Your instructions: Of the lines in the data below, write out exactly those from the one holding "Renault Scénic 1.4 Tce Luxe - 10" through the one holding "GearTrax 2019+ Options смотреть онлайн", both included.
=== Provided records ===
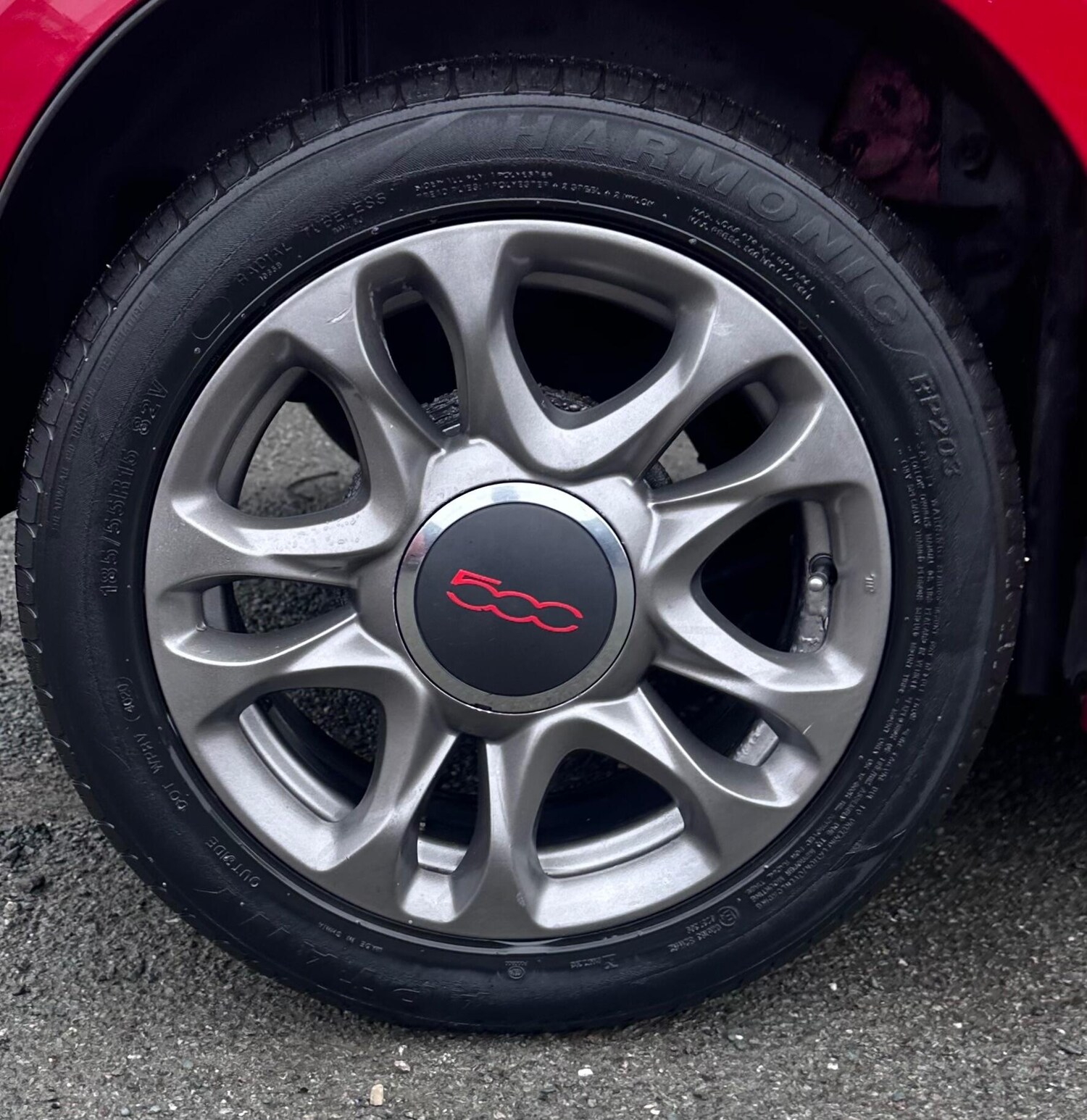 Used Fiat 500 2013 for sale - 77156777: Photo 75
===
=== Provided records ===
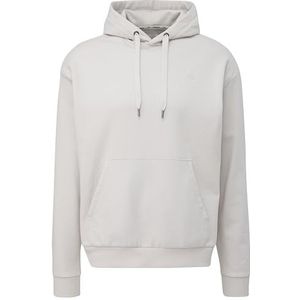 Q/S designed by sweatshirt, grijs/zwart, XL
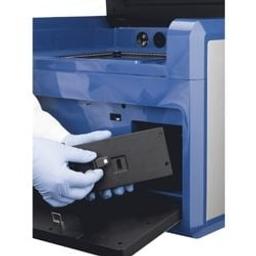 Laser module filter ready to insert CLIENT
===
=== Provided records ===
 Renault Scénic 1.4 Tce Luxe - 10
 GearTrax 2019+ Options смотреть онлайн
===
Reply:
 Renault Scénic 1.4 Tce Luxe - 10
 GearTrax 2019+ Options смотреть онлайн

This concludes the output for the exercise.